The rabi foodgrain output for the
year is calculable at a record level of 149 million tonnes contrasted with 139
million tonnes a year ago. Likewise, plentiful rain in June and the forecast of
a normal monsoon have boosted expectations of a similarly good Kharif crop.
Tractor sales have up by 4 percent contrasted with a year ago, while even
two-wheeler and passenger car sales are surging in rural areas in comparison to
the urban area. These indications of a pick-up in rural demand hint of relief
in the coming months for the industry.
Another key indicator of recovery
is rising GST (Goods and Services Tax) collections and Electronic bills that
are inching back to pre-Covid levels. This can be an important factor for both
the Central and state governments looking for revenues to fill exchequers
confronting exhaustion since the time the lockdown started in March end this
year. GST collections in June have bounced back to Rs 90,917 crore from a
record low of Rs 32,394 crore in April. It might represent 9 percent lower than
a year ago, however, it indicates the business is getting back on track.
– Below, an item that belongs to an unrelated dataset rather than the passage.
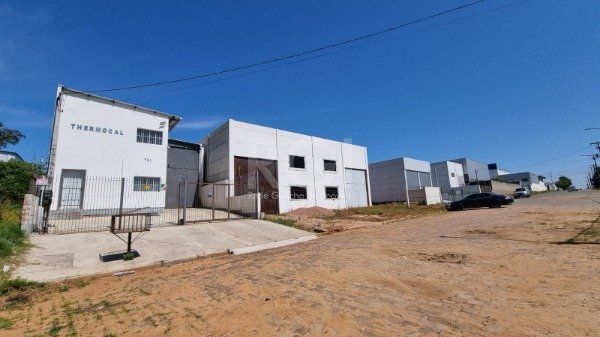 Depósito-Galpão-Armazém à venda, 261m² - Foto 1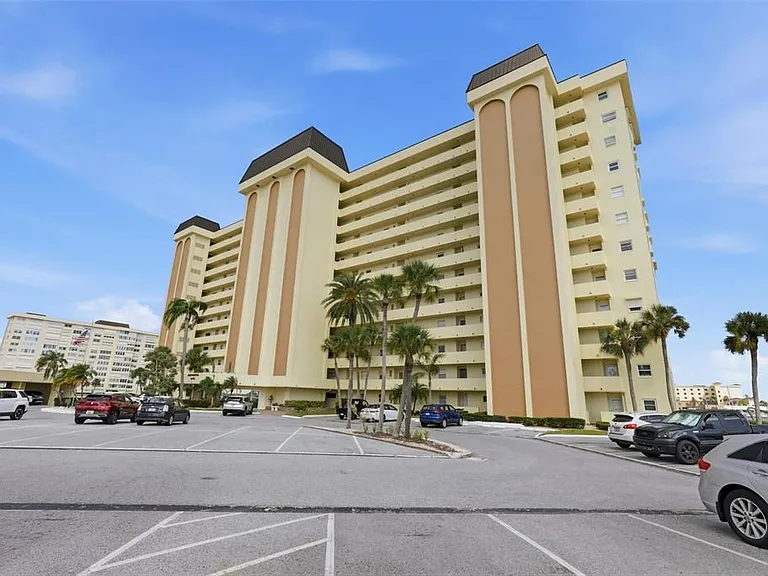 4775 Cove Cir #106 — Photo 36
Electronic bills reflecting goods movement has also risen significantly in
June, although don't seem to be nevertheless at January levels.
Trade data, on the opposite hand,
present a blended picture with the country likely to have its 1st monthly trade
surplus in June after 18 years. It reflects weaken imports due to a slowdown in
economic activity also as lower crude oil prices. On the splendid side, exports
are presently around 90 percent of pre-Covid levels. However, bringing exports
back to pre-Covid pandemic levels aren’t sufficient at the present time.